E com muita argúcia, acrescentava: “A paixão por se fazer registrar é um exemplo importante, talvez o mais gritante, dos nossos tempos, nos quais a versão atualizada do cogito (penso) de Descartes seria: ´Sou visto (observado, notado, registrado), logo existo´.”

Em sua palestra de mais de uma hora, muito concorrida, apesar da chuva e do frio, Bauman voltou a se debruçar sobre esse tema, compartilhando com a plateia suas impressões sobre o mundo virtual.

Na sua opinião, a internet foi abraçada “com tanta alegria” porque dá a agradável sensação de liberdade e de escolha. Além disso, “a internet e o Facebook nos tranquilizam e nos dão a sensação de proteção e abrigo, afastando o medo inconsciente de sermos abandonados. Na verdade, muitas vezes você está cercado de pessoas tão solitárias quanto você”, afirmou.

A dissolução dos laços comunitários tradicionais e a sensação de “falta de pertencimento” no mundo moderno têm sido, aliás, um dos assuntos recorrentes em seus livros. E naquela tarde, o tema veio à baila quando o sociólogo lembrou que, com a internet, estamos criando uma rede, não uma comunidade:

– A rede pertence a mim; quanto à comunidade, eu pertenço a ela. Na rede, é possível remover e selecionar com quem quero relacionar. Enquanto eu quiser essa rede existe. Se eu parar de nutri-la, a rede vai desaparecer.

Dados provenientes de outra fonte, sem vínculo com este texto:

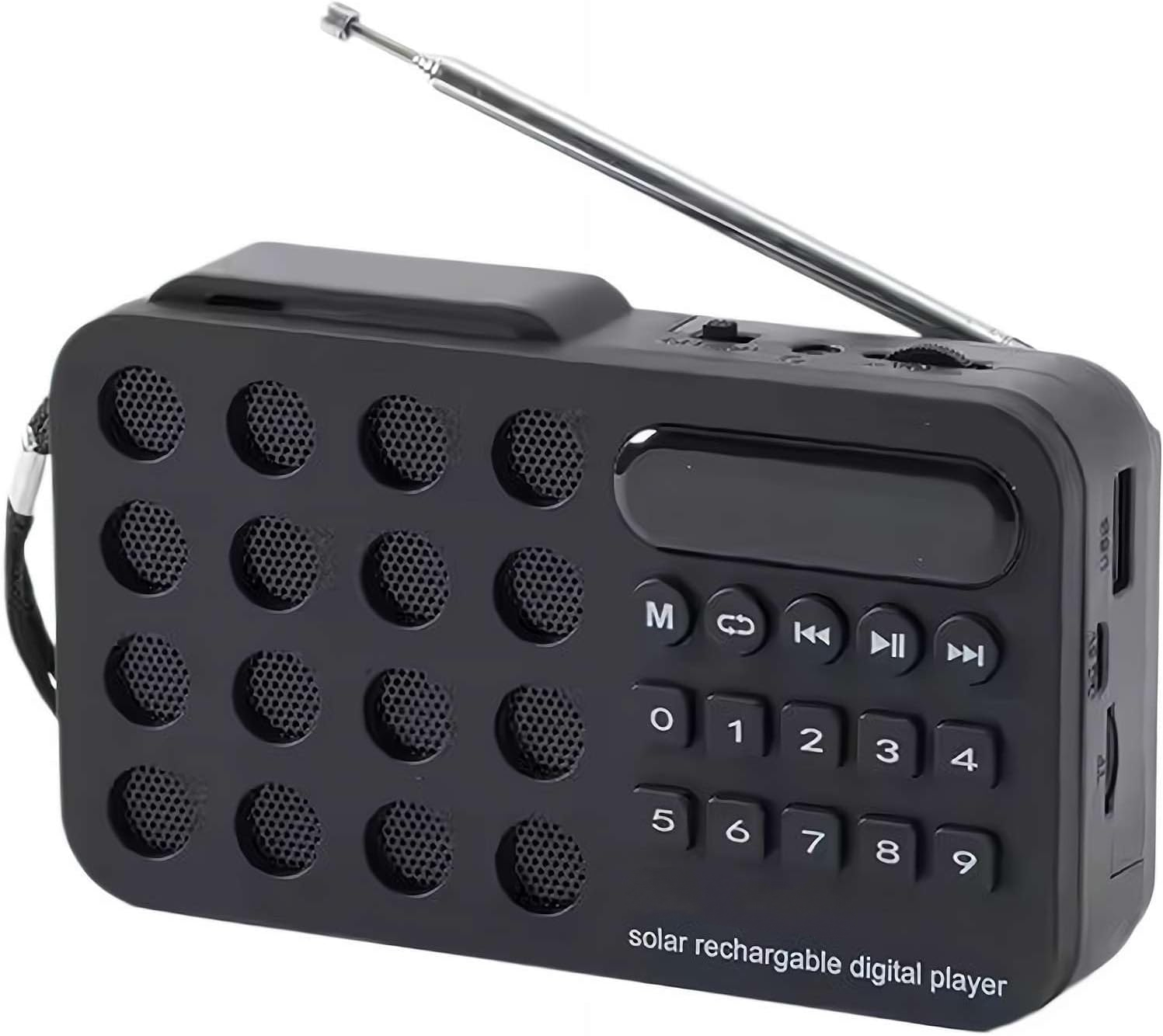 Przenośne radio z głośnikiem, ładowane energią słoneczną, do domu, na kemping, w podróż (czarne).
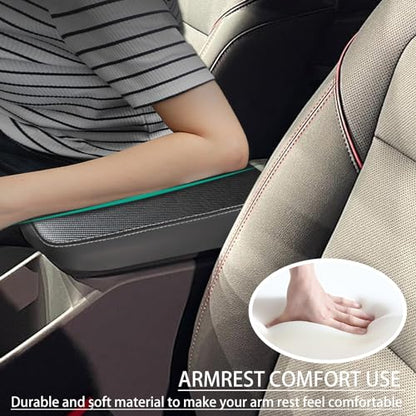Car Armrest Cover Waterproof Center Console Pad Scratch Resistance Box Cover Anti-Scratch Leather Protector Pad for Chevy Trax 2024 2025 2026 Accessories(Carbon Fiber + Black) - color: Carbon Fiber + Black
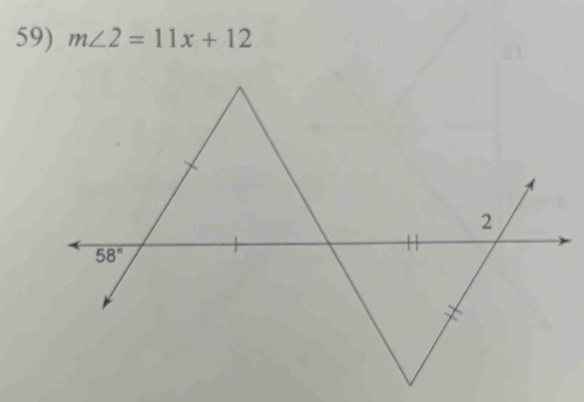 m∠ 2=11x+12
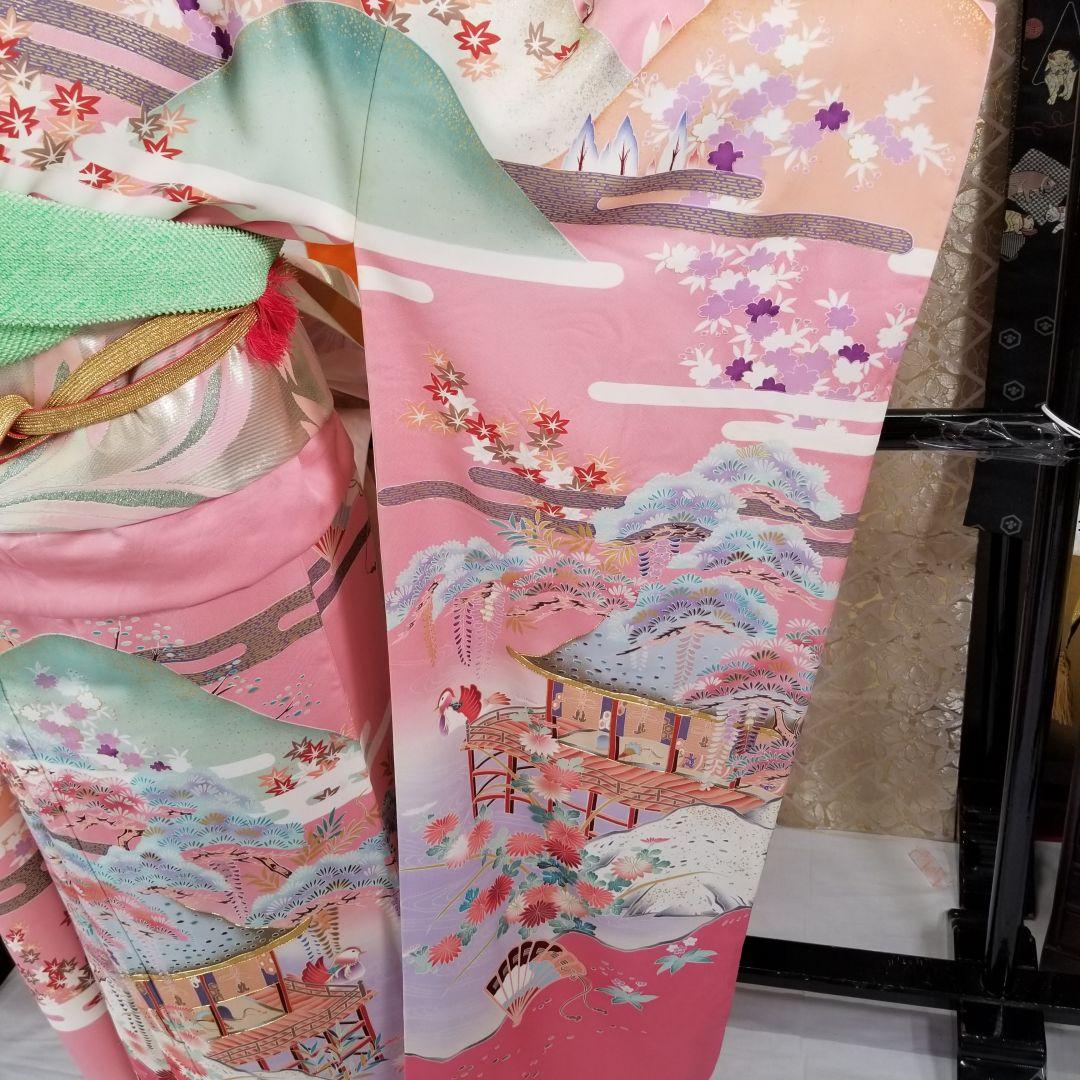 Fs112st あぜくら豪華可愛い振袖 屋敷と景観柄 金糸 正絹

Com seu olhar perspicaz, que foge ao senso comum e sempre descortina novos horizontes, Bauman apontou que a internet cria uma enganosa zona de conforto, onde o “estrangeiro” – ou seja, todo aquele que pensa diferente de nós – pode ser excluído a qualquer momento, com apenas um clique.

– É como um condomínio de pessoas ricas, que expulsa os que querem entrar. A zona de conforto é o eco que reflete nossa própria voz. Ou um espelho que reflete nosso próprio rosto.

O problema, ressaltou, é que no mundo off-line (em casa, no trabalho, na escola, na rua) não é possível eliminar as pessoas que não gostamos e, portanto, precisamos estabelecer um diálogo.

– Mas, no mundo on-line, onde grande parte das pessoas passa pelo menos nove horas por dia, não desenvolvemos as habilidades sociais indispensáveis ao convívio com as outras pessoas.

Para o sociólogo, essa situação traz consequências graves para a sociedade, porque “a arte do diálogo será cada vez mais necessária em um planeta globalizado. E, até agora, não estamos conseguindo avançar nessa direção”, afirmou.

Diante de uma plateia que absorvia cada palavra como uma fina e rara iguaria, Bauman ressaltou também a falsa percepção que a internet nos proporciona de estarmos no controle de quem somos, assim como das nossas vidas:

– A internet cria a ilusão de que nossos problemas serão resolvidos. Mas, em algum momento, você terá que voltar ao mundo real, off-line.

Todos esses aspectos não significam, ponderou, que o advento da internet não tenha trazido grandes vantagens.“Não há como conceber a sociedade no futuro sem tecnologia. Então, se não pode vencê-la, una-se a ela”. Mais adiante, concluiu: “Mas temos o permanente desafio de encontrar formas de usá-la a serviço do bem comum”.

Ao final da palestra, Bauman reservou um generoso espaço para responder a perguntas feitas pela plateia e, apesar dos quase 90 anos, ainda encontrou energia para atender uma longa fila de fãs em busca do seu autógrafo. Depois de tantos anos de espera pela chance de vê-lo pessoalmente, Bauman havia superado todas as expectativas dos que o admiram e há anos acompanham a sua obra.